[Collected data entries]
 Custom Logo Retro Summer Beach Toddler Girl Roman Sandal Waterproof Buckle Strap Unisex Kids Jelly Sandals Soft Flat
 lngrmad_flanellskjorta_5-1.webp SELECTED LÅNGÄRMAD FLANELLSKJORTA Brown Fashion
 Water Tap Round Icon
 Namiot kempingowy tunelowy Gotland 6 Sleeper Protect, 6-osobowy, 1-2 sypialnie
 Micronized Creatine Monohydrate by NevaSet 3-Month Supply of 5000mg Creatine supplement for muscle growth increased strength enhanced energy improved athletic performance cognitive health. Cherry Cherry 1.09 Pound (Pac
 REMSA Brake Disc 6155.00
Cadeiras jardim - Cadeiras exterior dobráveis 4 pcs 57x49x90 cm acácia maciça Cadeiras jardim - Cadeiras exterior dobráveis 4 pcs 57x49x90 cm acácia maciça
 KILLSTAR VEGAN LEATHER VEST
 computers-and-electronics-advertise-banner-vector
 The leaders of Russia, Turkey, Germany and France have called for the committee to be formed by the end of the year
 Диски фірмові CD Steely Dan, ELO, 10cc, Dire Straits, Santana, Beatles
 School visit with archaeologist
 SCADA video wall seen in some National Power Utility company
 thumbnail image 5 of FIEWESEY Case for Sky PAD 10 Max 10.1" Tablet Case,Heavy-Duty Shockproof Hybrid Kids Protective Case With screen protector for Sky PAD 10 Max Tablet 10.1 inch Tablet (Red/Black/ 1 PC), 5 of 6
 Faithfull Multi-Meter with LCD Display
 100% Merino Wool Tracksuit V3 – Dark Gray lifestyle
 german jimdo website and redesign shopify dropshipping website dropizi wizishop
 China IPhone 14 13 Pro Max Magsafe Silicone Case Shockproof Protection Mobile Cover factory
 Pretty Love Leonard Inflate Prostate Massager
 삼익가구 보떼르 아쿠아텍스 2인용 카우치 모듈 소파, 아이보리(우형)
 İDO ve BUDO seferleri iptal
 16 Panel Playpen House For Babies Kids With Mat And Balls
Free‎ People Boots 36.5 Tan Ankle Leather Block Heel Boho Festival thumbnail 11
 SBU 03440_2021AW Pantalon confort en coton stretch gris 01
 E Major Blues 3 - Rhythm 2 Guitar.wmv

TO DO
Among the lines of the data, some may contain the string "Case"; report how many, and nothing more.

SOLUTION BELOW
2